Any idea why this is not working?
transform(df, All() .=> string; renamecols=false)
Isn't it supposed to apply the string function to all columns and as a result convert them? When adding ByRow it works, but an operation like this should be on entire columns not on each row.

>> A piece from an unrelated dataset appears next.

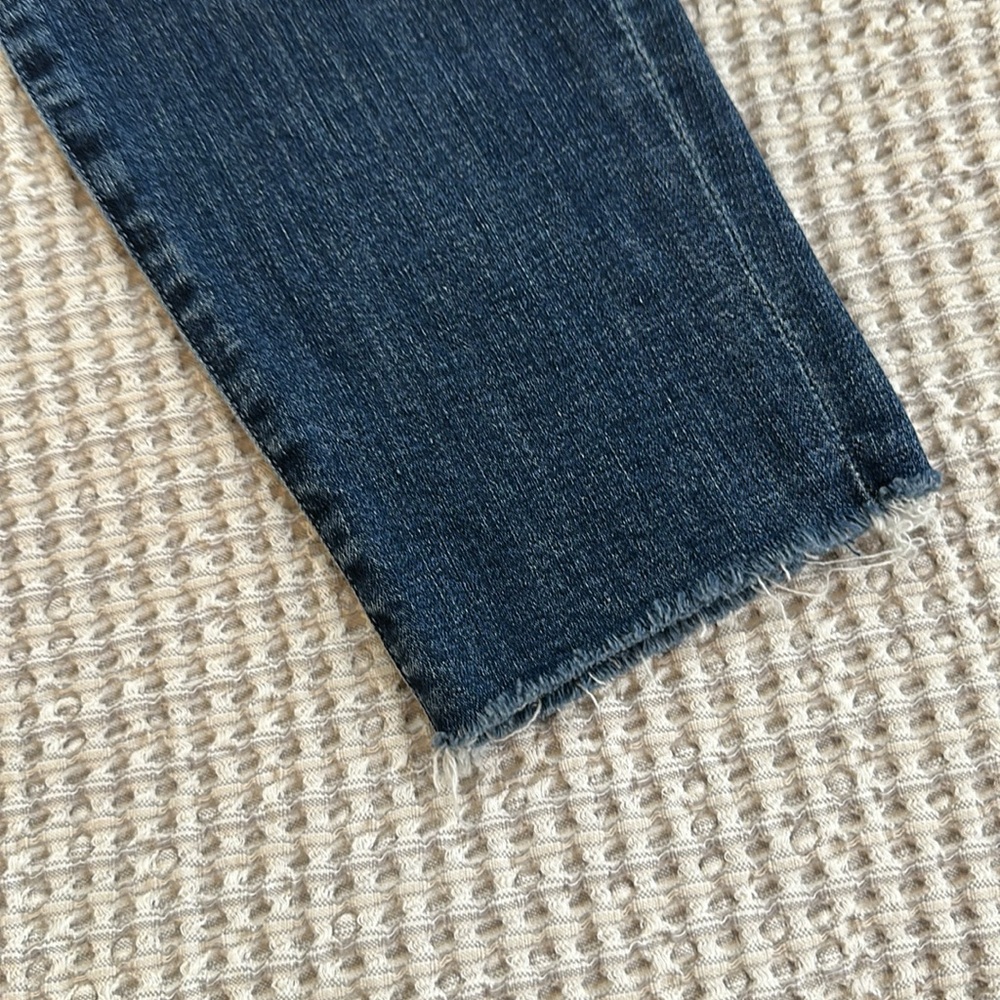 MOTHER Dark Blue Straight Leg Jeans 26 - Picture 8 of 9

What you describe works as expected. string takes a whole vector and converts it to string (the vector, not its contents). To work on elements of the vector use ByRow, as you have commented, or use broadcasting:
julia> df = DataFrame(x=1:2, y=3:4, z=5:6)
2×3 DataFrame
Row │ x y z
│ Int64 Int64 Int64
─────┼─────────────────────
1 │ 1 3 5
2 │ 2 4 6
julia> transform(df, All() .=> string; renamecols=false)
2×3 DataFrame
Row │ x y z
│ String String String
─────┼────────────────────────
1 │ [1, 2] [3, 4] [5, 6]
2 │ [1, 2] [3, 4] [5, 6]
julia> transform(df, All() .=> ByRow(string); renamecols=false)
2×3 DataFrame
Row │ x y z
│ String String String
─────┼────────────────────────
1 │ 1 3 5
2 │ 2 4 6
julia> string.(df) # broadcasting version
2×3 DataFrame
Row │ x y z
│ String String String
─────┼────────────────────────
1 │ 1 3 5
2 │ 2 4 6
The reason why in All() .=> string you still get a vector is that transform enforces that the number of rows is not changed in the result. Therefore the resulting string is reused. Note that with combine you would get a single row:
julia> combine(df, All() .=> string; renamecols=false)
1×3 DataFrame
Row │ x y z
│ String String String
─────┼────────────────────────
1 │ [1, 2] [3, 4] [5, 6]
To highlight the issue see how string operates on a vector without DataFrames.jl:
julia> string([1, 2])
"[1, 2]"